Academy of Chiropractic’s
MD Referral Program
From the Desk of
William J Owens Jr. DC, DAAMLP, CPC
New content has been posted to the
MD Referral Program.
What is a REAL marketing plan for your practice?
Why do so many fall SHORT of their GOALS?
An 8 Part Series
#8 Marketing, Branding and Entrepreneurship
Consultation #13
PRACTICE OUTREACH
This is where the fun starts. Once you identify the offices that are friendly, open to work with you and interested in what you have to say, then we want to focus on building that relationship from an academic perspective on a more PERSONAL LEVEL. We stay in the academic realm until we have a good opportunity to switch to more personal items and further build the personal relationship. This can happen quickly or it can take some time. Don’t worry about the time, think about the process, it has to take its course. Some will move fast, others will move slower and some relationships don’t develop at all. Practice outreach encompasses all aspects of clinical care and at this point is where you specialize your academic outreach with the Bimonthly Flyers from a “Generalized – one size fits all approach” to a specific academic and now CLINICAL approach. So in a sense you are now taking what you have been showing them in the flyers and applying it to the patients of theirs that you are seeing from other referral sources OR the ones that they send you. You are becoming a consultant for their primary care or medical specialist office now…working to help them triage their patients, manage referrals and keep them updated on the latest research while reporting to them on their patients. The video in the Membership Portal #24 has more information on this if you are confused. Make sure that your staff has watched it as well – this is your training system. I would make them watch it at least 3 times until they can discuss the process with you.
This most important thing to remember is to NOT overdo your outreach. You will be missing opportunities to grow and get more new patients if you are spreading yourself to thin going to too many offices at one. This is particularly important when you are the primary treating DC in the practice. You have lots to juggle and if you don’t plan out how fast you are doing things; it can get away from you. Then you are back on the “On Again, Off Again” train – lots of new patients, no outreach, less new patients, then outreach again…over and over. Within this relationship comes the MD lunches for the offices, this is important since you want to start building relationships with the Staff, Mid-level Providers as well as the MD, but always remember that Staff and Mid-levels are often more important than the MDs in a practice, this is particularly true in Primary Care offices.

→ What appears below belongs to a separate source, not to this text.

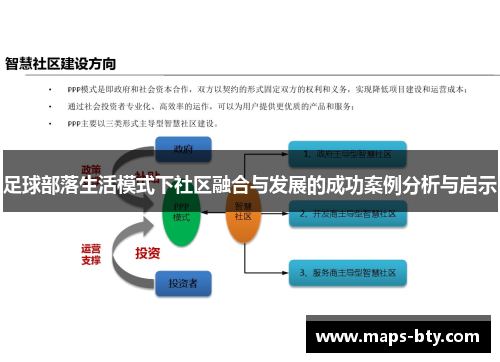 足球部落生活模式下社区融合与发展的成功案例分析与启示 足球部落生活模式下社区融合与发展的成功案例分析与启示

For offices that are referring, you need to schedule a lunch to visit and re-connect at least quarterly, for me especially for the big referring clinics I do 8 weeks. You can stay connected in the mean time via email and text to the providers, stopping by with coffee for staff AND AND AND sending patient reports to them if they want them. Some MD offices don’t care; others want the initial only etc. You should ask them, “What is the best way for me to report to you regarding referrals?”. This is a powerful question because it assumes that they are going to refer. Every practice is different and as an example, I get many patient referrals from MD offices that don’t even want to see the patient, they triage right over the phone to us, the only thing they want is that the PATIENT DOES NOT COME BACK WITH SPINE PAIN!